Bichrom provides a framework for modeling, interpreting, and visualizing the joint sequence and chromatin landscapes that determine TF-DNA binding dynamics.

Srivastava, D., Aydin, B., Mazzoni, E.O. and Mahony, S., 2020. An interpretable bimodal neural network characterizes the sequence and preexisting chromatin predictors of induced TF binding. bioRxiv, p.672790.

Requirements:

python >= 3.5
We suggest using anaconda to create a virtual environment using the provided YAML configuration file: conda env create -f bichrom.yml
Alternatively, to install requirements using pip: pip install -r requirements.txt

# Clone and navigate to the iTF repository. 
cd trainNN  
To view help:   
python run_bichrom.py --help
usage: run_bichrom.py [-h] training_schema_yaml window_size bin_size outdir

Train and compare BichromSEQ and Bichrom

positional arguments:
  training_schema_yaml  YAML file with paths to train, test and val data
  window_size           Size of genomic windows
  bin_size              Size of bins for chromatin data
  outdir                Output directory

optional arguments:
  -h, --help            show this help message and exit

Required arguments:

• training_schema_yaml: This is a YAML file containing containing paths to the training data (sequence, preexisting chromatin and labels), validation data and test data.
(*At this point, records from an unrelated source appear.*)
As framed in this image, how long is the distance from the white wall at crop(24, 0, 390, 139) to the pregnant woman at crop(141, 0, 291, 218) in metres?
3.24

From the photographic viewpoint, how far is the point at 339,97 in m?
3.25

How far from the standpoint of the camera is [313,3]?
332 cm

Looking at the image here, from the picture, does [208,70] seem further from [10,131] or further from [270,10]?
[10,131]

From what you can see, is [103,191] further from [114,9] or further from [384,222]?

A sample YAML file can be found in trainNN/sample.yaml. The structure of the training_schema_yaml file should be as follows:

  train:  
    seq: '/path/to/train/seq.txt'    
    labels: '/path/to/train/labels.txt'  
    chromatin_tracks: ['/path/to/train/atacseq.txt', ..., '/path/to/train/h3k27ac.txt']  
  
  val: 
    seq: '/path/to/val/seq.txt'  
    labels: '/path/to/val/labels.txt'  
    chromatin_tracks: ['/path/to/val/atacseq.txt', ..., '/path/to/val/h3k27ac.txt'] 
  
  test: 
    seq: '/path/to/test/seq.txt'  
    labels: '/path/to/test/labels.txt'  
    chromatin_tracks: ['/path/to/val/atacseq.txt', ..., '/path/to/test/h3k27ac.txt'] 
  

  Description for the input files provided in the YAML configuration: Each input data point (train, test or validation) corresponds to a 500 base pair window on the genome. The "seq", "labels" and "chromatin_tracks" files contain genomic features associated with these input 500 base pair windows.
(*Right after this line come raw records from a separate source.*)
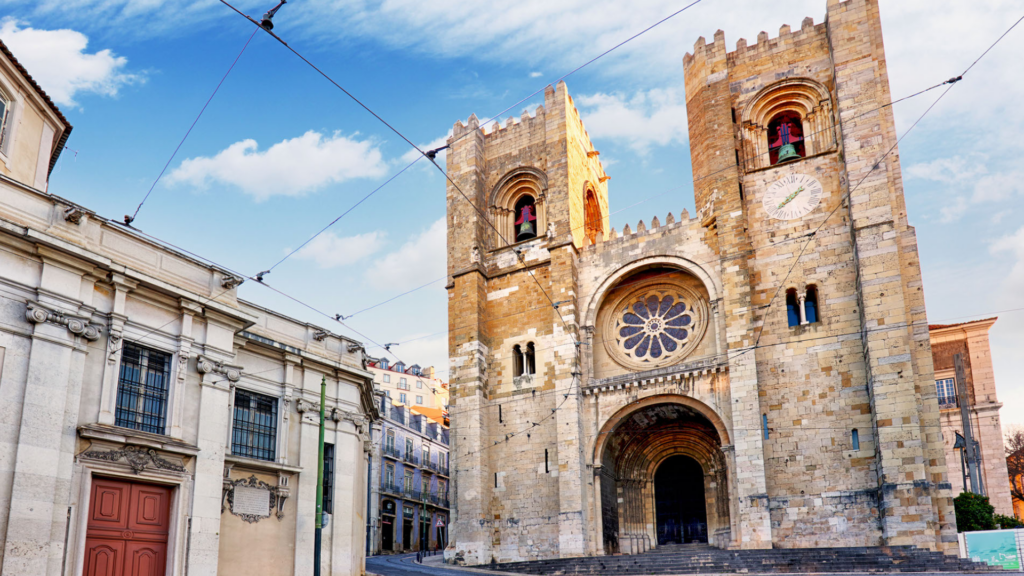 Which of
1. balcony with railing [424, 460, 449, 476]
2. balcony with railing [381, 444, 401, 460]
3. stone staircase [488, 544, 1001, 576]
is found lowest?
stone staircase [488, 544, 1001, 576]

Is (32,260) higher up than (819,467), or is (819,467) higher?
(32,260)

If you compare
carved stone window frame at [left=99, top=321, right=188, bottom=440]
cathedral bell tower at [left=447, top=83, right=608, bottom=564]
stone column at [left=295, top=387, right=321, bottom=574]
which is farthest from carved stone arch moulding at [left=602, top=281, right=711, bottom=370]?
carved stone window frame at [left=99, top=321, right=188, bottom=440]

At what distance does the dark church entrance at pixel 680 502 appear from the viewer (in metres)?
28.0

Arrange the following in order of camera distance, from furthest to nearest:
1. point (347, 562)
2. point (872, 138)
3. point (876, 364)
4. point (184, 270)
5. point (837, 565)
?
point (872, 138) < point (876, 364) < point (837, 565) < point (347, 562) < point (184, 270)

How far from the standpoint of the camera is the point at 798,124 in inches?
1109

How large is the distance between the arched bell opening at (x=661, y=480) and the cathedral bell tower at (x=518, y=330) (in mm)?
1957

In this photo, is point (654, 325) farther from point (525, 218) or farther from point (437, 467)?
point (437, 467)

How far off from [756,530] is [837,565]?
298 centimetres

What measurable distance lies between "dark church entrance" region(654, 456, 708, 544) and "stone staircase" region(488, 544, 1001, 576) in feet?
16.7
  • seq: The sequence input file contains one sequence per line. For example, if your training set has 25,100 genomic windows, the seq file will contain 25,100 lines. (Permitted bases: A, T, G, C, N).

  • labels: This file contains a binary label that has been assigned to each training, validation and test input data point. (Must be 0/1).

  • chromatin_tracks: Multiple chromatin files can be passed to Bichrom through the YAML file. (The YAML field chromatin_tracks accepts a list of file locations.) Each line in a chromatin track file contains tab separated binned chromatin data. The data can be binned at any resolution. For example, if the genomic windows used to train Bichrom are 500 base pairs, then:

    • If bin_size=50 base pairs, then each line in the chromatin file must contain 10 (500/50) tab separated values.
    • If bin_size=1 base pair, then each line in the chromatin file must contain 500 values. Note that all chromatin feature files that are passed to Bichrom must be binned at the same resolution.

Other required arguments:

• window_size: The size of genomic windows used for training, validation and testing. (For example: 500)
• bin_size: Binning applied to the chromatin data. (For example, if window_size=500 and bin_size=10, each line in a chromatin_track file must contain 500/10 tab separated values)
• outdir: Output directory where all Bichrom output files will be stored.
  • Bichrom outputs the validation and test metrics (auROC and auPRC) for both a sequence-only network (Bichrom_SEQ) and a sequence + preexisting chromatin bimodal network (Bichrom). It additionally plots the test Precision Recall curves for both models; as well as test recall at a false positive rate=0.01.